Disentangling the modern gender vote gap – a refinement of women’s political alignment

Hanna Schwander

Details
In this project I examine women's changing political alignment in Western Europe. Have women’s policy preferences really changed or have they only switched their political affinity? Do we observe a divergent pattern of both political preferences and voting behavior among different sub-groups of female voters? Which role do parties and their programmatic orientations play in the realignment between women and parties.
By answering these questions, the project seeks to provide a comprehensive analysis of women’s political realignment by providing a refined and in-depth analysis of women’s interests and preferences and accounting for the ideological orientation of parties.
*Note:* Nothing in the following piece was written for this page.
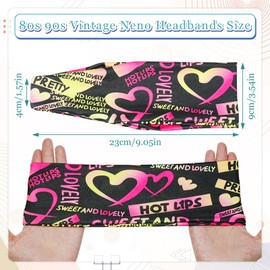 8 Pack 80s 90s Print Neon Headbands,80s Retro Accessories 90s Outfits for Women,Hairband for Masquerade Party Style Running Cycling (Style B)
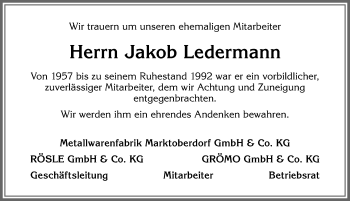 Traueranzeige von Jakob Ledermann von Allgäuer Zeitung, Marktoberdorf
First, I study whether the gender vote gap is accompanied by a corresponding gender preferences gap that explains the link between women and parties. Second, I disaggregate the analysis political orientation by taking into account the household or family constellation. Third, I integrate the supply side of political competition, i.e. parties and their ideological orientation, into the study of women’s political realignment.

 

 

Inequality, representation and the welfare state

Hanna Schwander (with Dominic Gohla and Armin Schäfer)

Details
The increase of inequality in most advanced democracies is even more worrisome as economic inequality is related to a number of social and political disadvantages. Having worked extensively on the origins and political implications of labor market inequality, I focus now the links between economic deprivation and political inequality as well as the role of political actors in mediating this link.
For instance, I am interested in the nexus between inequality, turnout and populism. We study whether economic inequality lowers electoral participation and among which voter groups. We also study whether populist parties moderates the negative effect of inequality on voter turnout. Since populist parties seek to mobilize disadvantaged groups that are less likely to participate in elections, their success could lead to higher and less unequal turnout rates. To assess whether this holds true, we analyze a dataset encompassing data on 296 national parliamentary elections in 31 European countries between 1970 and 2016. We find that as the share of populist voters increases, the effect of inequality on electoral participation diminishes, a finding that holds for both right- and left-wing populist parties with a slightly stronger effect of right-wing populism. After the Great Recession, the effect size increases. 

 

Hanna Schwander (with Philip Manow)

Details
Another project studies the rise of the German AfD, a right-wing populist party. Until recently, the resilience of the German party system to such a party has been an exception to this general trend. The establishment of the Alternative für Deutschland (AfD) in the wake of the Eurozone crisis put an end to this German exceptionalism. We test the ‘losers of modernization’-thesis, one of the most dominant explanations for right-wing populist voting, for the case of the AfD. Based on district level data from the Federal Institute for Research on Building, Urban Affairs and Spatial Development and official data on electoral outcomes, we examine whether the socio- economic characteristics of a district yield any explanatory power for the AfD’s electoral success in the federal elections. The findings suggest that the modernization thesis bears little relevance for the success of the populist right in Germany. By contrast, we find a strong correlation between the AfD’s electoral success and the success of radical right parties in previous elections in the same district. We explain this intriguing finding with a “tradition of radical right voting” and a specific political culture on which the AfD has been able to draw once the broader political and social context allowed for the creation of a right-wing populist party in Germany.